» EXERCISE:
All lines below are to be output exactly as they stand.

(Collected data)
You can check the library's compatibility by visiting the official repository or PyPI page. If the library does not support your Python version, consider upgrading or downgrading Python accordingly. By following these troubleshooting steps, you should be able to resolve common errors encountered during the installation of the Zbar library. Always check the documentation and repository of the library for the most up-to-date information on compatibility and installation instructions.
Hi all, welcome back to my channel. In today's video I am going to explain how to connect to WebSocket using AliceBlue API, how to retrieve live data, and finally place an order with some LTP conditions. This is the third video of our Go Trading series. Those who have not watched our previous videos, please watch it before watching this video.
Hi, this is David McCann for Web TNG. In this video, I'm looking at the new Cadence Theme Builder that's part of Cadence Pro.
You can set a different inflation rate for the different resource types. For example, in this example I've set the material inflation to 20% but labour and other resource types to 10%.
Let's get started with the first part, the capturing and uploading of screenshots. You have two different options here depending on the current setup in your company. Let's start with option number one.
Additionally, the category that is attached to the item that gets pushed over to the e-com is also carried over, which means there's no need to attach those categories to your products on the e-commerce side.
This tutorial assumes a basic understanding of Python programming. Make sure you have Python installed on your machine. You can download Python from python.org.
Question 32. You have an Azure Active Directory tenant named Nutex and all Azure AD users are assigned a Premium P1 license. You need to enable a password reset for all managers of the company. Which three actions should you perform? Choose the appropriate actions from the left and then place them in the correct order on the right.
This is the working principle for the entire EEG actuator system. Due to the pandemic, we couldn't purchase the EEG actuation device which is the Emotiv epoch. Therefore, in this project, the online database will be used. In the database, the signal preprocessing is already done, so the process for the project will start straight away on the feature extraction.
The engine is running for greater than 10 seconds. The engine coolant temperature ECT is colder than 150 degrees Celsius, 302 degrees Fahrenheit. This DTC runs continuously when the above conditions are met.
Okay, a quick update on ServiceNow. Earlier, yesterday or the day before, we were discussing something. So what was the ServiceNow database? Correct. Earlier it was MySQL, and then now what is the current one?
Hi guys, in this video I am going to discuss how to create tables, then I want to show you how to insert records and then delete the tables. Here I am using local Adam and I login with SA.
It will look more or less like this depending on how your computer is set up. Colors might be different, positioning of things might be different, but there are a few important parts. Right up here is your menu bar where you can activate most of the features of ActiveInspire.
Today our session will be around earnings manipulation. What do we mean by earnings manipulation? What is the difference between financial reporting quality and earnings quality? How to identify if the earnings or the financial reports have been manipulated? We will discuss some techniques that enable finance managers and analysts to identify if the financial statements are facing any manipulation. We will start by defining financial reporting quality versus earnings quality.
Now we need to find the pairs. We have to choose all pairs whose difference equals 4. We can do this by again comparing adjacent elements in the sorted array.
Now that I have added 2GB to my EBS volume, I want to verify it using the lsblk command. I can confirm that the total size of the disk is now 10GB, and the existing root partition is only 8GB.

» WRITTEN REPLY:
You can check the library's compatibility by visiting the official repository or PyPI page. If the library does not support your Python version, consider upgrading or downgrading Python accordingly. By following these troubleshooting steps, you should be able to resolve common errors encountered during the installation of the Zbar library. Always check the documentation and repository of the library for the most up-to-date information on compatibility and installation instructions.
Hi all, welcome back to my channel. In today's video I am going to explain how to connect to WebSocket using AliceBlue API, how to retrieve live data, and finally place an order with some LTP conditions. This is the third video of our Go Trading series. Those who have not watched our previous videos, please watch it before watching this video.
Hi, this is David McCann for Web TNG. In this video, I'm looking at the new Cadence Theme Builder that's part of Cadence Pro.
You can set a different inflation rate for the different resource types. For example, in this example I've set the material inflation to 20% but labour and other resource types to 10%.
Let's get started with the first part, the capturing and uploading of screenshots. You have two different options here depending on the current setup in your company. Let's start with option number one.
Additionally, the category that is attached to the item that gets pushed over to the e-com is also carried over, which means there's no need to attach those categories to your products on the e-commerce side.
This tutorial assumes a basic understanding of Python programming. Make sure you have Python installed on your machine. You can download Python from python.org.
Question 32. You have an Azure Active Directory tenant named Nutex and all Azure AD users are assigned a Premium P1 license. You need to enable a password reset for all managers of the company. Which three actions should you perform? Choose the appropriate actions from the left and then place them in the correct order on the right.
This is the working principle for the entire EEG actuator system. Due to the pandemic, we couldn't purchase the EEG actuation device which is the Emotiv epoch. Therefore, in this project, the online database will be used. In the database, the signal preprocessing is already done, so the process for the project will start straight away on the feature extraction.
The engine is running for greater than 10 seconds. The engine coolant temperature ECT is colder than 150 degrees Celsius, 302 degrees Fahrenheit. This DTC runs continuously when the above conditions are met.
Okay, a quick update on ServiceNow. Earlier, yesterday or the day before, we were discussing something. So what was the ServiceNow database? Correct. Earlier it was MySQL, and then now what is the current one?
Hi guys, in this video I am going to discuss how to create tables, then I want to show you how to insert records and then delete the tables. Here I am using local Adam and I login with SA.
It will look more or less like this depending on how your computer is set up. Colors might be different, positioning of things might be different, but there are a few important parts. Right up here is your menu bar where you can activate most of the features of ActiveInspire.
Today our session will be around earnings manipulation. What do we mean by earnings manipulation? What is the difference between financial reporting quality and earnings quality? How to identify if the earnings or the financial reports have been manipulated? We will discuss some techniques that enable finance managers and analysts to identify if the financial statements are facing any manipulation. We will start by defining financial reporting quality versus earnings quality.
Now we need to find the pairs. We have to choose all pairs whose difference equals 4. We can do this by again comparing adjacent elements in the sorted array.
Now that I have added 2GB to my EBS volume, I want to verify it using the lsblk command. I can confirm that the total size of the disk is now 10GB, and the existing root partition is only 8GB.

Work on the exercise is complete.